Le président de la Région Réunion, Paul Vergès, était le week-end dernier à l’île Maurice où se tenait le Sommet de la SADC, organisation communautaire de l’Afrique australe, sur la pauvreté et le développement durable : un programme inscrit dans les “Objectifs du Millénaire” tracés par l’ONU, visant à réduire de moitié la pauvreté d’ici 2015. En prend-on vraiment le chemin ? Paul Vergès a rencontré des “voisins” inquiets, qui se tournent vers La Réunion pour savoir comment nous comptons faire face... Et à son tour, il se tourne vers les acteurs économiques et l’ensemble des concitoyens : Que faisons-nous pour mettre en commun, avec les pays de la zone, nos moyens et nos capacités ?

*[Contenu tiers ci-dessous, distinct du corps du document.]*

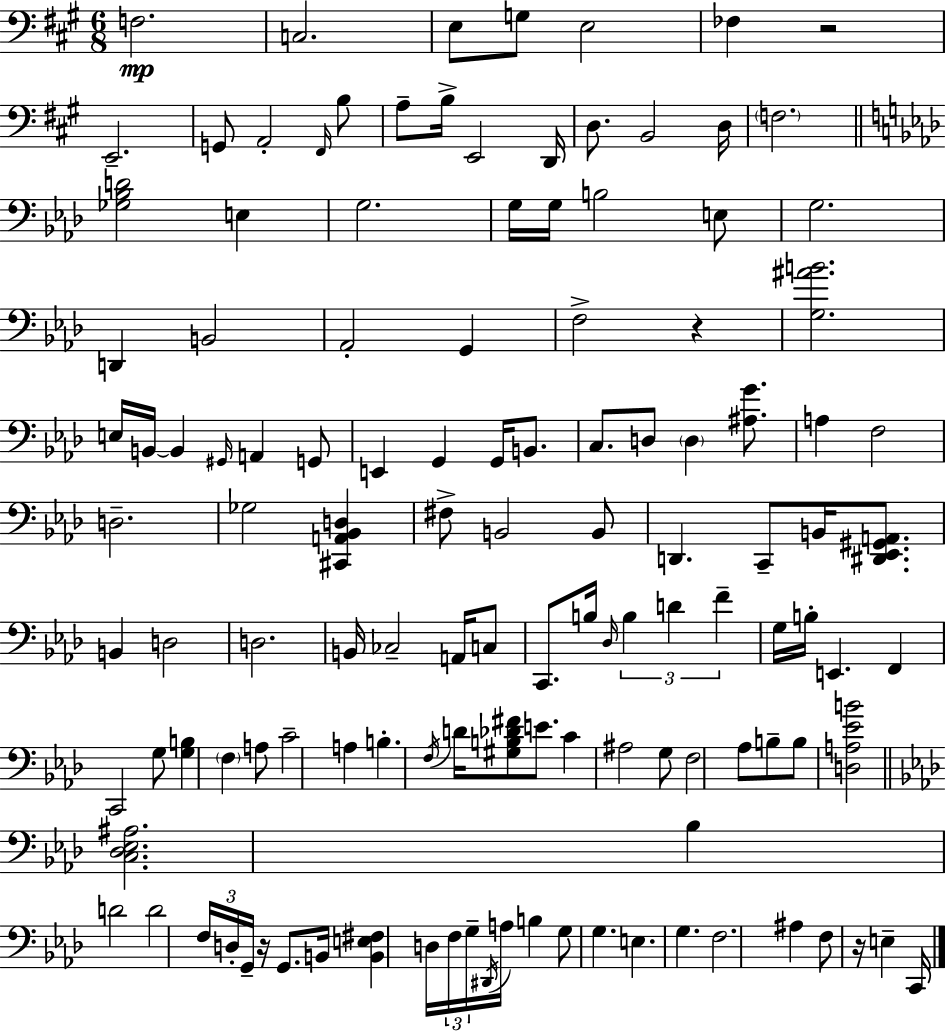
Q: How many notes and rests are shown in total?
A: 125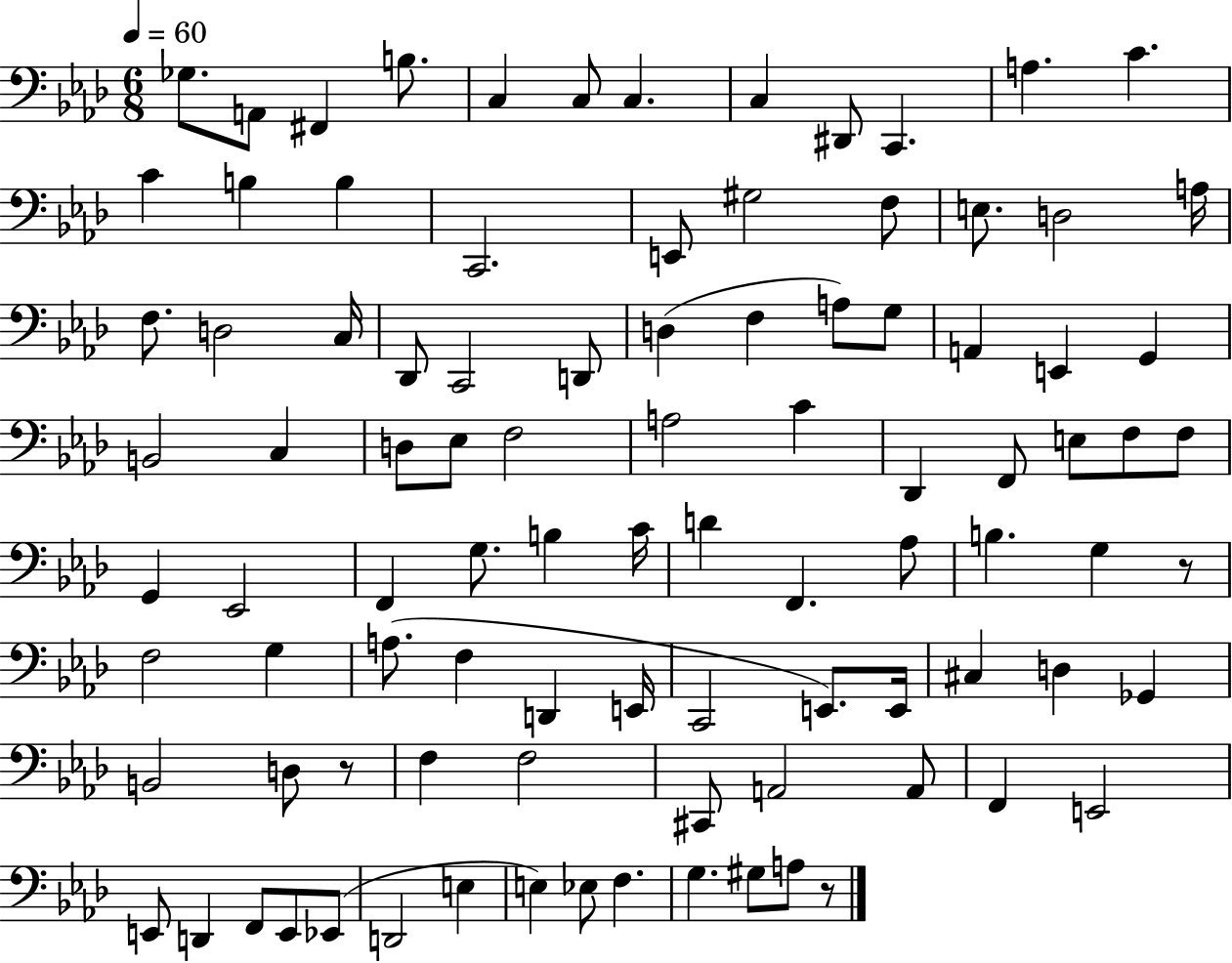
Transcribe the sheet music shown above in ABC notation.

X:1
T:Untitled
M:6/8
L:1/4
K:Ab
_G,/2 A,,/2 ^F,, B,/2 C, C,/2 C, C, ^D,,/2 C,, A, C C B, B, C,,2 E,,/2 ^G,2 F,/2 E,/2 D,2 A,/4 F,/2 D,2 C,/4 _D,,/2 C,,2 D,,/2 D, F, A,/2 G,/2 A,, E,, G,, B,,2 C, D,/2 _E,/2 F,2 A,2 C _D,, F,,/2 E,/2 F,/2 F,/2 G,, _E,,2 F,, G,/2 B, C/4 D F,, _A,/2 B, G, z/2 F,2 G, A,/2 F, D,, E,,/4 C,,2 E,,/2 E,,/4 ^C, D, _G,, B,,2 D,/2 z/2 F, F,2 ^C,,/2 A,,2 A,,/2 F,, E,,2 E,,/2 D,, F,,/2 E,,/2 _E,,/2 D,,2 E, E, _E,/2 F, G, ^G,/2 A,/2 z/2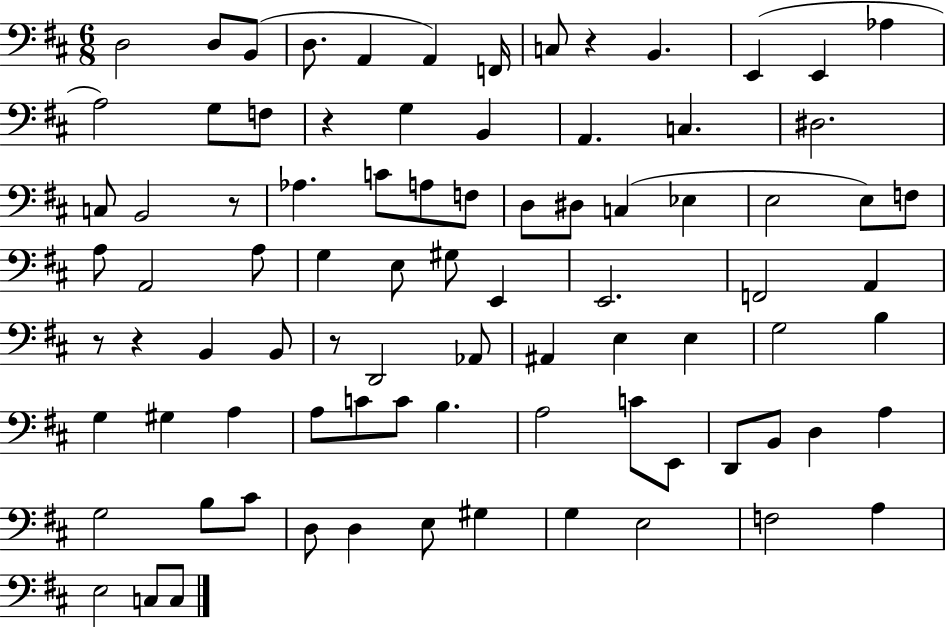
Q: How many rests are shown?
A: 6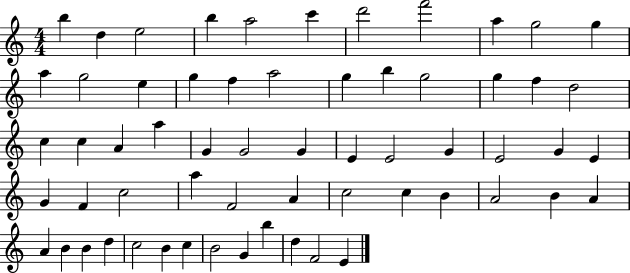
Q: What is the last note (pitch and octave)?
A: E4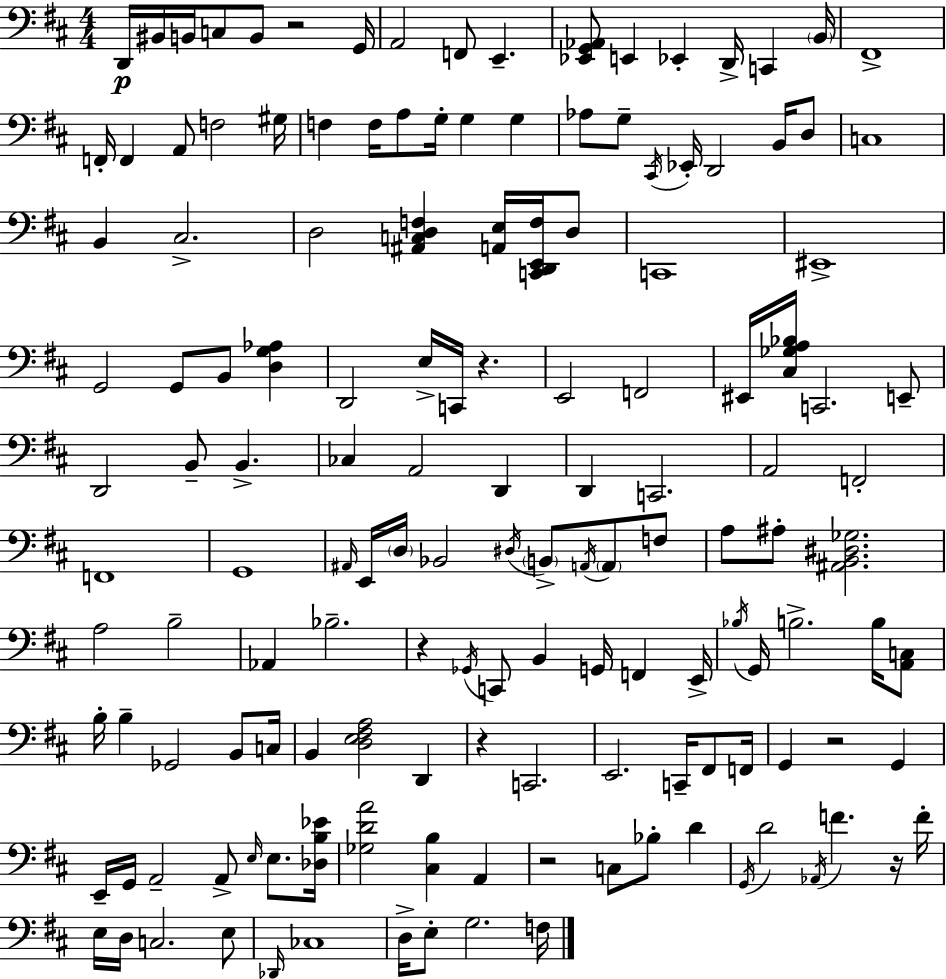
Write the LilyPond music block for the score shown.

{
  \clef bass
  \numericTimeSignature
  \time 4/4
  \key d \major
  d,16\p bis,16 b,16 c8 b,8 r2 g,16 | a,2 f,8 e,4.-- | <ees, g, aes,>8 e,4 ees,4-. d,16-> c,4 \parenthesize b,16 | fis,1-> | \break f,16-. f,4 a,8 f2 gis16 | f4 f16 a8 g16-. g4 g4 | aes8 g8-- \acciaccatura { cis,16 } ees,16-. d,2 b,16 d8 | c1 | \break b,4 cis2.-> | d2 <ais, c d f>4 <a, e>16 <c, d, e, f>16 d8 | c,1 | eis,1-> | \break g,2 g,8 b,8 <d g aes>4 | d,2 e16-> c,16 r4. | e,2 f,2 | eis,16 <cis ges a bes>16 c,2. e,8-- | \break d,2 b,8-- b,4.-> | ces4 a,2 d,4 | d,4 c,2. | a,2 f,2-. | \break f,1 | g,1 | \grace { ais,16 } e,16 \parenthesize d16 bes,2 \acciaccatura { dis16 } \parenthesize b,8-> \acciaccatura { a,16 } | \parenthesize a,8 f8 a8 ais8-. <ais, b, dis ges>2. | \break a2 b2-- | aes,4 bes2.-- | r4 \acciaccatura { ges,16 } c,8 b,4 g,16 | f,4 e,16-> \acciaccatura { bes16 } g,16 b2.-> | \break b16 <a, c>8 b16-. b4-- ges,2 | b,8 c16 b,4 <d e fis a>2 | d,4 r4 c,2. | e,2. | \break c,16-- fis,8 f,16 g,4 r2 | g,4 e,16-- g,16 a,2-- | a,8-> \grace { e16 } e8. <des b ees'>16 <ges d' a'>2 <cis b>4 | a,4 r2 c8 | \break bes8-. d'4 \acciaccatura { g,16 } d'2 | \acciaccatura { aes,16 } f'4. r16 f'16-. e16 d16 c2. | e8 \grace { des,16 } ces1 | d16-> e8-. g2. | \break f16 \bar "|."
}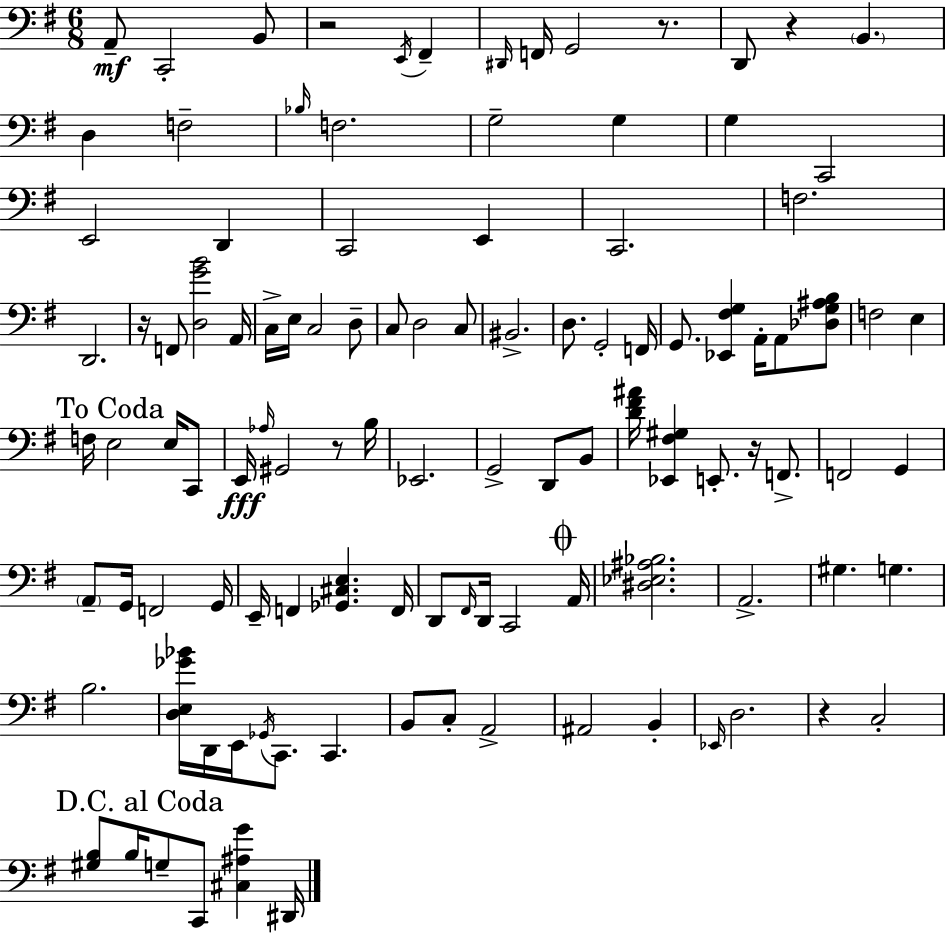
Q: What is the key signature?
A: E minor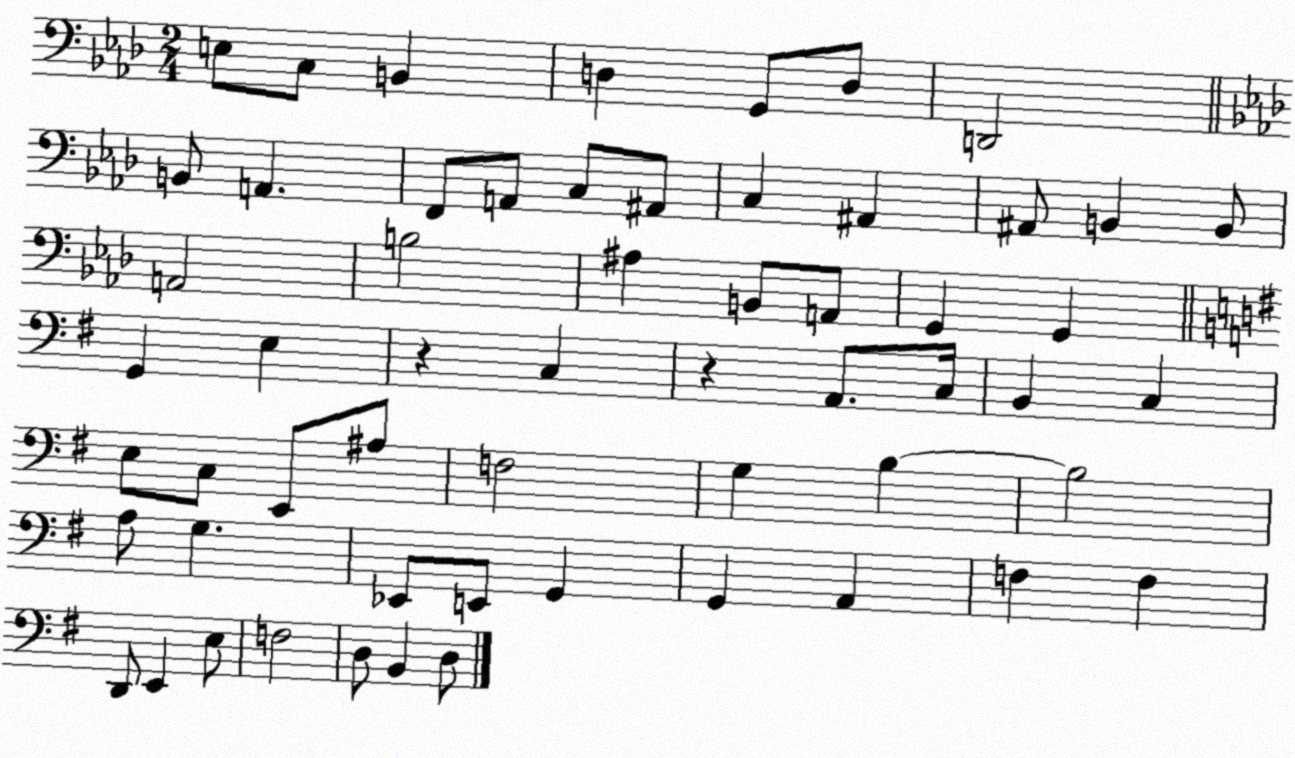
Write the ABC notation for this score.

X:1
T:Untitled
M:2/4
L:1/4
K:Ab
E,/2 C,/2 B,, D, G,,/2 D,/2 D,,2 B,,/2 A,, F,,/2 A,,/2 C,/2 ^A,,/2 C, ^A,, ^A,,/2 B,, B,,/2 A,,2 B,2 ^A, B,,/2 A,,/2 G,, G,, G,, E, z C, z A,,/2 C,/4 B,, C, E,/2 C,/2 E,,/2 ^A,/2 F,2 G, B, B,2 A,/2 G, _E,,/2 E,,/2 G,, G,, A,, F, F, D,,/2 E,, E,/2 F,2 D,/2 B,, D,/2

Qui à La Réunion a vraiment conscience de la gravité de la situation face aux menaces qui pèsent sur la sécurité alimentaire de la planète ? Dans la certitude - où sont beaucoup ici - de vivre dans une bulle qui les protège des fléaux dont sont frappés nos voisins, quelle prise de conscience peut-on espérer devant l’aggravation de la situation mondiale observée ces derniers mois ?
Le président de la Région a vu cette réalité de près, dans un Sommet qui revêt à ses yeux une « dimension historique et, à long terme, considérable » et dont il a rendu compte hier, en forme d’appel à projet collectif.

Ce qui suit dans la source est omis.